# EDA and Data Cleaning
In this notebook I am going to further investigate the dataset and am going to clean it, if required.

In [None]:
import pandas as pd
import numpy as np
import os
import glob
import csv
import matplotlib.pyplot as plt

%matplotlib inline

plt.rcParams['figure.figsize'] = [8,8]

## Exploratory Data Analysis
Let's start with further exploring the dataset. As a first step, let's first create a pandas dataframe containing all image filenames and their class. This helps to easily plot the data distribution and to create different data splits and to maybe oversample the dataset in a later step (in case there is some imbalance present). 

In [None]:
def get_size_image(image_path):
    image = plt.imread(image_path)
    dimensions = image.shape
    # check if last is missing -> image is grayscale -> add depth of 1
    if len(dimensions) < 3:
        return np.expand_dims(image, axis=-1).shape
    else:
        return dimensions

In [None]:
def create_dataframe(dataset_path):
    # first step: get list of files
    list_files = glob.glob(os.path.join(dataset_path, "**", "*.jpg"))
    
    # next step: get list of labels
    list_labels = list(map(lambda x: x.split(os.path.sep)[1], list_files))
    
    # loop over classes and get all images per class
    # first: let's create the empty dataframe
    df = pd.DataFrame(columns=["filepath", "class_name", "image_height", "image_width", "image_depth"])
    df["image_height"] = df["image_height"].astype(int)
    df["image_width"] = df["image_width"].astype(int)
    df["image_depth"] = df["image_depth"].astype(int)
    # loop over images to add each to the dataframe plus get dimensions of image
    for image, label in zip(list_files, list_labels):
        # remove dataset foldername from path
        image_shorthened = os.path.sep.join(image.split(os.path.sep)[1:])
        height, width, depth = get_size_image(image)
        df = df.append({"filepath":image_shorthened, 
                        "class_name":label, 
                        "image_height": height, 
                        "image_width": width, 
                        "image_depth": depth }, ignore_index=True)
    
    return df, list_labels

In [None]:
df, class_names = create_dataframe("dataset")
df.head()

In [None]:
df.info()

Okay perfect! In Kaggle its stated that there should be 6862 images in total, so we've read out all images. Now let's plot the data distribution to get a better understanding of the dataset.

In [None]:
df["class_name"].hist()
plt.title("Dataset Distribution.")
plt.xlabel("Class Name", labelpad=10)
plt.ylabel("Number of Samples")
plt.show()

Okay. The dataset is definetly imbalanced! Let's later apply some imbalance strategies to check if model performance can be improved to the model trained on the imbalanced dataset. <br> <br>
<b> IMPORTANT: </b> Don't change the distribution on the validation set and the hold-out test set! They should reflect the real data distribution! Therefore, we can first split the data into the according sets and could then later apply some imbalance strategies only on the training set.

## Image Sizes
Let's now check the size of all images and if they are different frome each other. This is important, because the model needs to have images of fixed size as input. <br> <br>
When looking at the first rows of the dataframe, it gets clear that the images have different shapes. Therefore, it is important to later choose one image size where all images should be resized to. The optimal image size can be searched by training models on the different image sizes and then comparing their performance. <br> <br>
Let's now quickly check for the largest and the smallest image sizes.

In [None]:
print(f'Min height: {df["image_height"].min()} | Max height: {df["image_height"].max()}')
print(f'Min width: {df["image_width"].min()} | Max width: {df["image_width"].max()}')
print(f'Min depth: {df["image_depth"].min()} | Max depth: {df["image_depth"].max()}')
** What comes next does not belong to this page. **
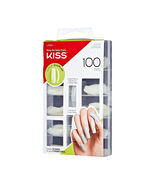 KISS 100 NAILS TIPS CURVE OVERLAP LONG LENGTH TRIM & FILE TO ANY SHAPE #100PS08 - $5.99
Okay so the ranges are quite large! There are also grayscale images, rgb images and even some images which also include a transparent layer (some transparent map above the image with certain alpha). I always tend to train my networks on grayscale images, because I often realized that having rgb images didn't boost the models performance. But let's first keep the images in their original format, except the images having depth of 4. They can be transformed to rgb by dropping the fourth depth dimension.

In [None]:
def clean_file(row):
    dimension = row[-1]
    if dimension == 4 and row[0]:
        image = plt.imread(os.path.join("dataset", row[0]))
        plt.imsave(os.path.join("dataset", row[0]), image[:, :, :3])

In [None]:
df.apply(clean_file, axis=1)

Let's now reload the data and check if this problem is solved.

In [None]:
df, class_names = create_dataframe("dataset")
df.head()

In [None]:
df.info()

In [None]:
print(f'Min height: {df["image_height"].min()} | Max height: {df["image_height"].max()}')
print(f'Min width: {df["image_width"].min()} | Max width: {df["image_width"].max()}')
print(f'Min depth: {df["image_depth"].min()} | Max depth: {df["image_depth"].max()}')

Perfect! Let's now store the created dataframe as csv file such that it can be easily accessed later during the model training part.

In [None]:
df_encoded.to_csv(r"dataset\data.csv", index=False)